È proprio all’esponente dem, molto vicino al segretario, che il leader di Italia Viva attribuisce la paternità dell’intergruppo, visto come il seme di una alleanza strutturale fra le tre forze del centro sinistra. Bettini smentisce pubblicamente, riferendo di avere saputo dell’iniziativa solo dalle agenzie di stampa e, poco dopo, le parole di Marcucci confermano la ricostruzione spazzando il campo dai sospetti.
Anche perchè Marcucci è senatore di Base Riformista, l’area che guarda a Lotti e Guerini, e da sempre contrario all’alleanza con i 5 stelle. Difficile, quindi, che una sua iniziativa possa mirare a rinsaldare l’asse.

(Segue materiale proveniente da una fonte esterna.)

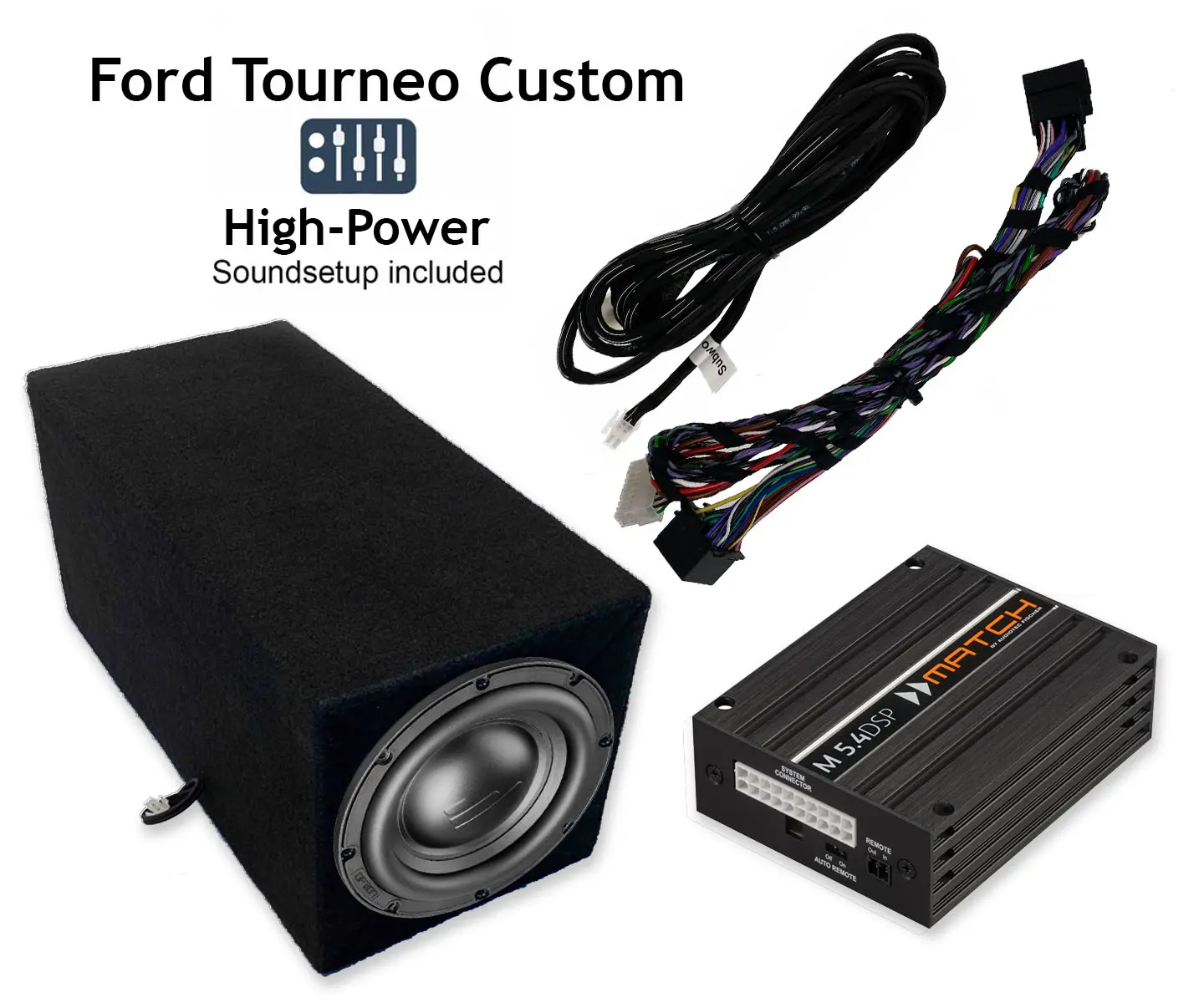 Upgradeset Soundsystem für Tourneo Bassreflex subwoofer mit Verstärker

L’obiettivo dell’intergruppo è dunque un altro, più circoscritto: evitare una emorragia dal Movimento 5 stelle al Senato. A dimostrare che l’esperimento è destinato ad essere circoscritto a Palazzo Madama – viene fatto notare da fonti parlamentari dem – c’è il fatto che nulla del genere è nato alla Camera dove M5s sembra riuscire a tenere sotto controllo i malumori scaturiti dalla nuova maggioranza che va emergendo.
Che il tentativo sia andato a buon fine, poi, è tutto da dimostrare: a votare contro la fiducia a Draghi – ed essere conseguentemente espulsi dal Movimento – sono stati 15 senatori. Tanti, troppi. Anche perché il numero totale dei senatori dell’intergruppo scende a 116, uno solo in più di quelli del centrodestra, e al netto dei 6 assenti di ieri.

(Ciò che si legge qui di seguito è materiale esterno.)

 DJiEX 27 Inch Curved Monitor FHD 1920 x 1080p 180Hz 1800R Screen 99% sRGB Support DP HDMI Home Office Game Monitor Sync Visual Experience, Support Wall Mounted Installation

Fonti parlamentari dem, alla luce di tutto ciò, considerano “un fallimento” l’esperimento di Palazzo Madama, tanto da rendere “improbabile la riproposizione dello stesso schema alla Camera”. In ogni caso, la linea di Zingaretti è chiara ed è quella certificata da numerosi voti in direzione: “Un Pd forte e alleanze vincenti” da scegliere di volta in volta valorizzando i territori. In altre parole, nessuna alleanza o candidatura verrà calata dall’alto.
Questo vale anche per Roma, dove nelle ultime ore si fa sempre più insistentemente il nome dell’ex ministro dell’Economia, Roberto Gualtieri. “Sceglieranno i romani – ribadisce il segretario del Pd – Nelle città costruiremo alleanze larghe. Nel lavoro parlamentare se c’è un coordinamento, non accenderei troppi casi politici su questo. Un partito come il Pd deve avere una sua identità, ma anche preoccuparsi di essere insieme agli altri”.